Provided data:
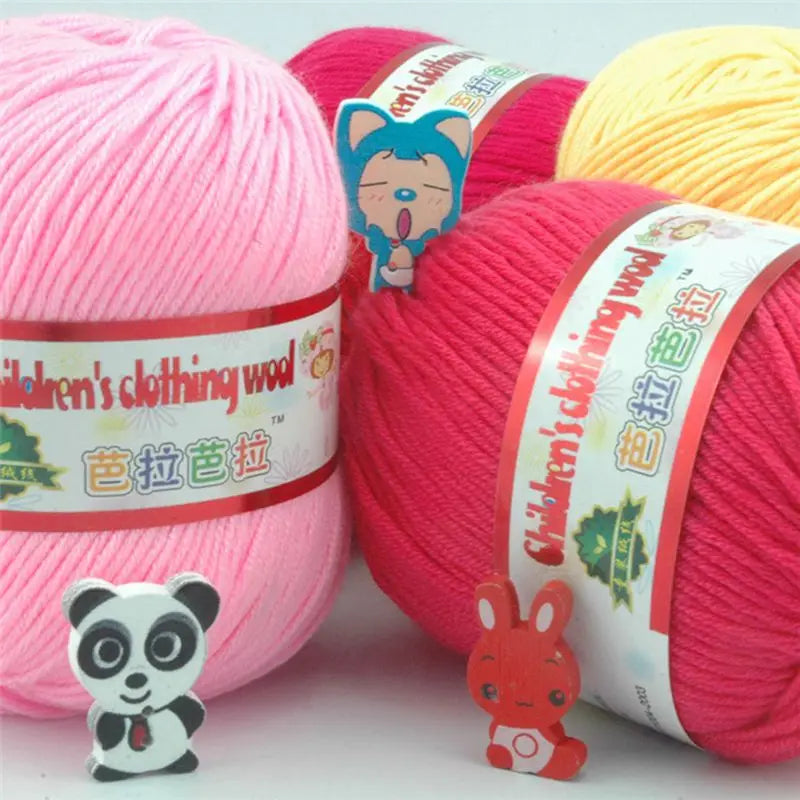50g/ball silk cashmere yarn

...

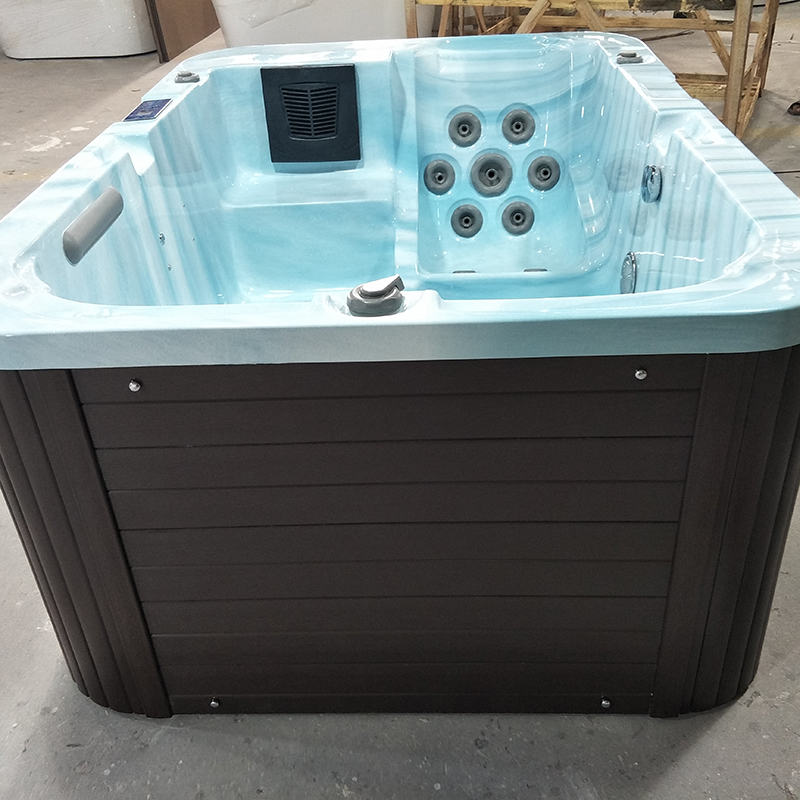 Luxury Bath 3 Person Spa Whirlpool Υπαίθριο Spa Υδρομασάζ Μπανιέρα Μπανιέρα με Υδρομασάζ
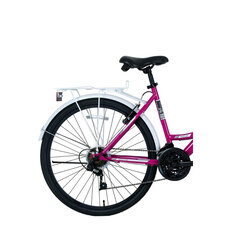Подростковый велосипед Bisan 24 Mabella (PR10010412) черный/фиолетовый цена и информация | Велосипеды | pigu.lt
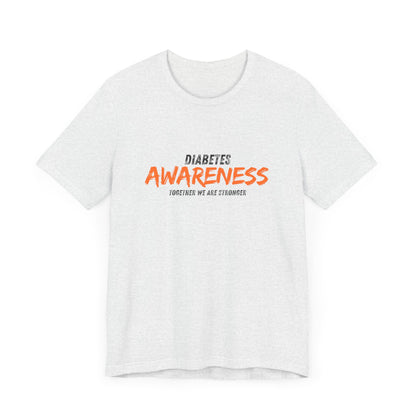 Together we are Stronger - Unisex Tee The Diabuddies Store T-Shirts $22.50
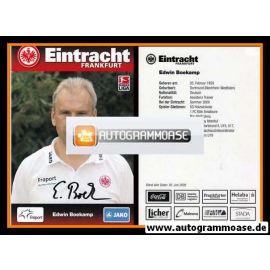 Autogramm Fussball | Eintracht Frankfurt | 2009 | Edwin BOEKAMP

Required action: Set down word for word the lines above from the one with "Together we are" up to and including the one with "Autogramm Fussball |". Omit every picture.

Response to the exercise:
 Together we are Stronger - Unisex Tee The Diabuddies Store T-Shirts $22.50
 Autogramm Fussball | Eintracht Frankfurt | 2009 | Edwin BOEKAMP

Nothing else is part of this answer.